Today, CDC is embedded in data lakehouse ingestion, cloud ETL pipelines, and event-driven architectures.

CDC Capture Techniques

CDC can be implemented in multiple ways, each with trade-offs.

Table Diff / Timestamp Based

  • Compare current state with last extracted snapshot.
  • Or filter by last_updated > :max_timestamp.
  • Pros: Simple to implement.
  • Cons: Requires extra columns (e.g., updated_at), can miss deletes, not true real-time.

SQL Example:

SELECT * FROM orders WHERE last_updated > '2025-08-01 00:00:00';

Trigger-Based

  • Database triggers write changes to an audit table.
  • Pros: Works even without access to transaction logs.
  • Cons: Adds write latency, increases database load.

Example (PostgreSQL):

CREATE TABLE order_changes ( order_id INT, change_type TEXT, changed_at TIMESTAMP DEFAULT CURRENT_TIMESTAMP ); 
CREATE OR REPLACE FUNCTION log_order_changes() RETURNS TRIGGER AS 
$$ BEGIN INSERT INTO order_changes(order_id, change_type) 
VALUES (NEW.order_id, TG_OP); 
RETURN NEW; END; 
$$ 
LANGUAGE plpgsql; 
CREATE TRIGGER orders_cdc AFTER INSERT OR UPDATE OR DELETE ON orders 
FOR EACH ROW EXECUTE FUNCTION log_order_changes();

Log-Based (Preferred)

  • Reads changes from the database transaction log (e.g., MySQL binlog, PostgreSQL WAL, Oracle redo logs).
  • Pros: Low overhead, captures deletes, can be asynchronous.
  • Cons: Requires access to logs, more complex parsing.

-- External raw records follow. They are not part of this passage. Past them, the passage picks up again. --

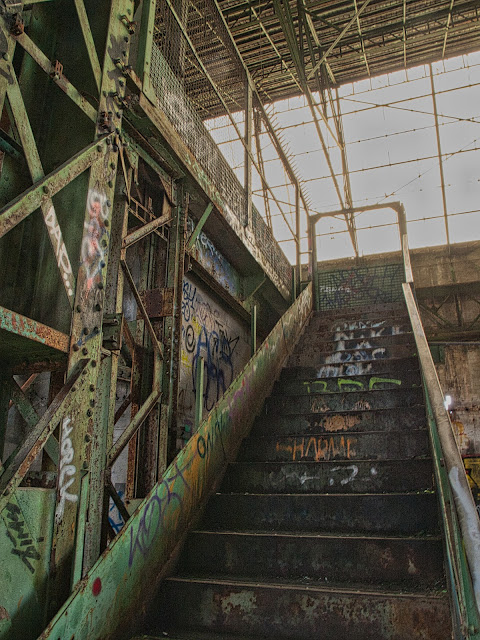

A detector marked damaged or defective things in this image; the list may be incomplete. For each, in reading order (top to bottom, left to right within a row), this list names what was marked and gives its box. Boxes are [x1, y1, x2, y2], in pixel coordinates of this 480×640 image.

rusted steel beam [0, 306, 70, 356]
rusty metal panel [38, 286, 316, 640]
rusty metal panel [0, 488, 54, 636]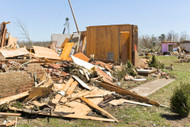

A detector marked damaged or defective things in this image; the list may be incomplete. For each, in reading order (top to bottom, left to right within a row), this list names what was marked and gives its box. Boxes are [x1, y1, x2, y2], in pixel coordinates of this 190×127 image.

broken lumber [96, 81, 160, 106]
splintered wood plank [79, 96, 118, 122]
broken lumber [79, 96, 118, 122]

Tools: Debezium, Oracle GoldenGate, SQL Server CDC, AWS DMS.


Application-Level Events

  • The app publishes an event when it changes data.
  • Pros: Flexible, integrates with event-driven systems.
  • Cons: Risk of divergence between DB state and event messages if not transactional.

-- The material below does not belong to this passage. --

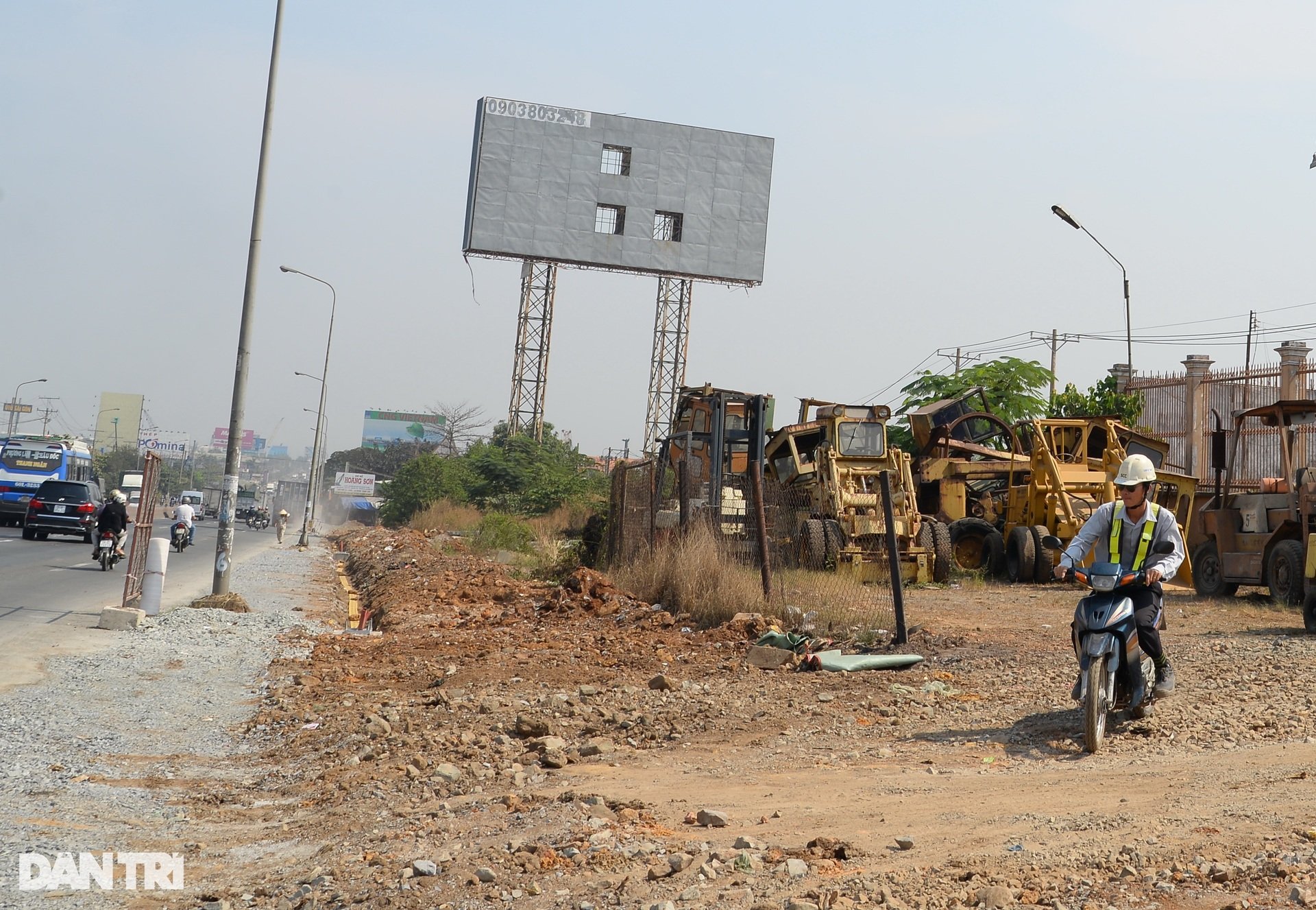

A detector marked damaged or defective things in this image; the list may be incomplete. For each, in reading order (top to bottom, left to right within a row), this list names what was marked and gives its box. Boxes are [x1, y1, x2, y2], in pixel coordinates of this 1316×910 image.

rusty machinery [768, 397, 953, 584]
rusty machinery [1200, 403, 1316, 629]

CDC Architectures in Practice

CDC is not just about capturing — it’s about delivering changes reliably.

Common CDC Data Flow

[ Source DB ] --> [ CDC Capture ] --> [ Message Broker / Stream ] --> [ Consumers ]

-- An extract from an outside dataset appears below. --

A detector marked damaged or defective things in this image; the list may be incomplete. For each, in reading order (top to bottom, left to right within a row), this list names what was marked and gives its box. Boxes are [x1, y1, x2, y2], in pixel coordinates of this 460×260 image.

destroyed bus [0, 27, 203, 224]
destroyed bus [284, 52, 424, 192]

  • Capture Layer — Reads from triggers or logs.
  • Transport Layer — Kafka, Kinesis, Pulsar, or cloud pub/sub.
  • Consumer Layer — Data warehouse, search index, ML feature store, cache.

Example: Log-Based CDC with Kafka + Debezium

  1. Debezium Connector reads the DB transaction log.
  2. Produces events to a Kafka topic.
  3. Consumers subscribe and process events in real-time.

Kafka Topic Structure:

  • db.orders — events for the orders table.
  • Event payload contains before and after states.

CDC in Modern Data Engineering

CDC is at the heart of modern real-time analytics architectures:

  • Lakehouse ingestion — Load updates directly into Delta Lake, Apache Iceberg, or Hudi.
  • Microservices sync — Keep caches, search indexes, and reporting DBs up to date.
  • Machine Learning — Feed online feature stores like Feast with low latency.
  • Compliance & Auditing — Maintain immutable logs for SOX, HIPAA, GDPR.

Designing a Robust CDC Pipeline

When designing CDC, you need to address:

  • Idempotency — Consumers must handle duplicate events.
  • Ordering Guarantees — Keyed ordering for correctness (e.g., Kafka partitions by primary key).
  • Schema Evolution — CDC must handle added/removed columns without breaking.
  • Error Handling — Dead letter queues for invalid messages.
  • Replayability — Ability to reprocess historical changes from logs.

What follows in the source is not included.